Sorbitol: extraído de algas marinhas e de algumas frutas, como ameixa e maçã, ele é bastante utilizado na produção de biscoitos e chicletes. Possui valor calórico, uma pessoa diabética deveria evitar esse tipo de adoçante.
Adoçantes artificiais
Sacarina: é produzida a partir do ácido toluenossulfônico, que é derivado do petróleo. Apesar de deixar um sabor amargo e metálico, ela não possui calorias e pode ser usada por diabéticos. É contraindicada para pacientes hipertensos por conta do sódio na composição.
Ciclamato de sódio: é sintetizada a partir de outro derivado do petróleo, o hexano sulfâmico, não possui calorias e é indicado para diabéticos. Também por conta do sódio, como a sacarina, é contraindicado para hipertensos. É usado ainda na produção de refrigerantes zero, além de adoçantes. Estudos apontam que essa substância pode causar câncer e tumores. Por conta disso, seu consumo é proibido em alguns países, como Japão, França e EUA.
Sucralose: é extraído da cana de açúcar e modificado para não ser absorvido pelo nosso organismo. O seu sabor é bem parecido com o do açúcar, não contém calorias, não altera a glicemia e, portanto, seu uso é indicado para diabéticos.
Aspartame: seu poder adoçante é 200 vezes maior que do açúcar, não possui calorias, sendo permitido para diabéticos.
Stevia: Stevia é um adoçante natural composto por glicosídeo de esteviol, não possui calorias e adoça 300 vezes mais que o açúcar comum. Pode ser facilmente encontrado em mercados e lojas de produtos naturais em gotas ou pó. Esse tipo de adoçante auxilia no emagrecimento e ajuda no controle da diabetes.

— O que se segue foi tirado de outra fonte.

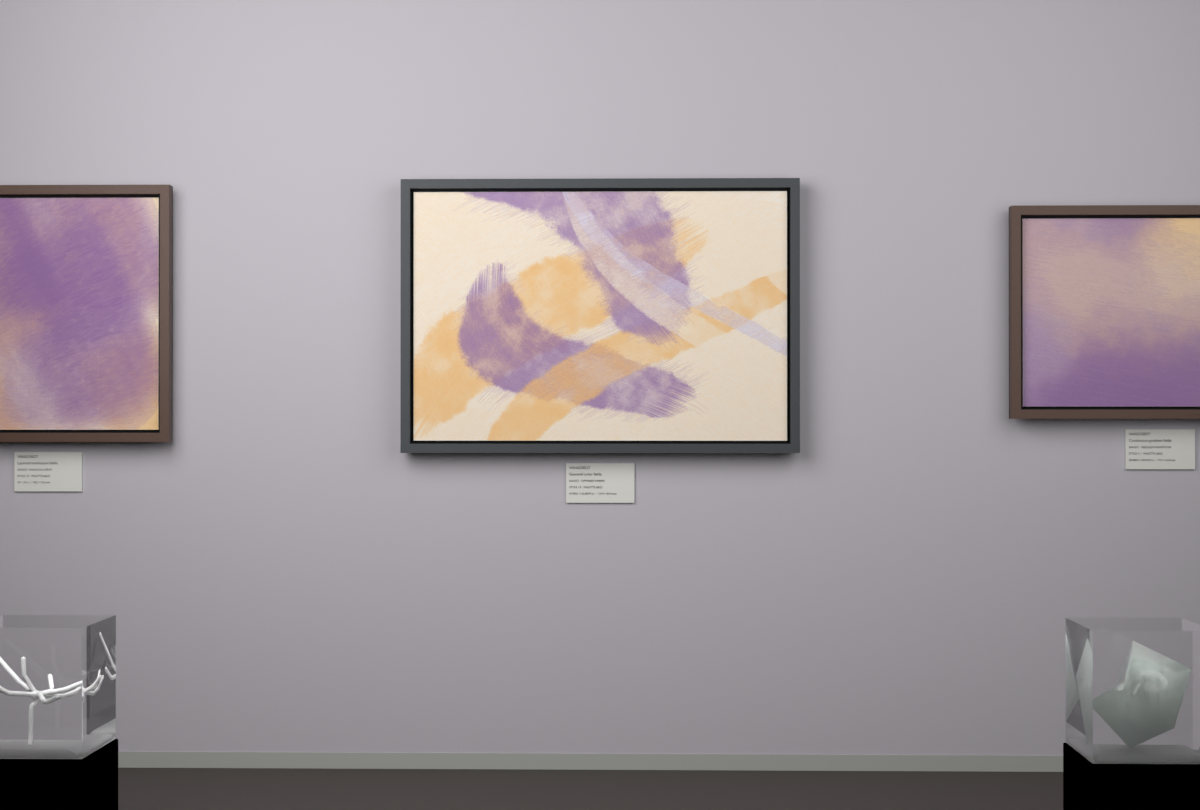 Opposed Sweeps · gallery context room view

Xilitol: Esse tipo de doçante é derivado da xilose, um monossacarídeo encontrado em frutas e legumes. O xilitol comercializado é extraído de milho ou casa da bétula, sendo 40% menos calórico que o açúcar comum, é uma ótima opção para quem procura um adoçante pouco calórico. Diabéticos podem utilizar o xilitol sob orientação médica.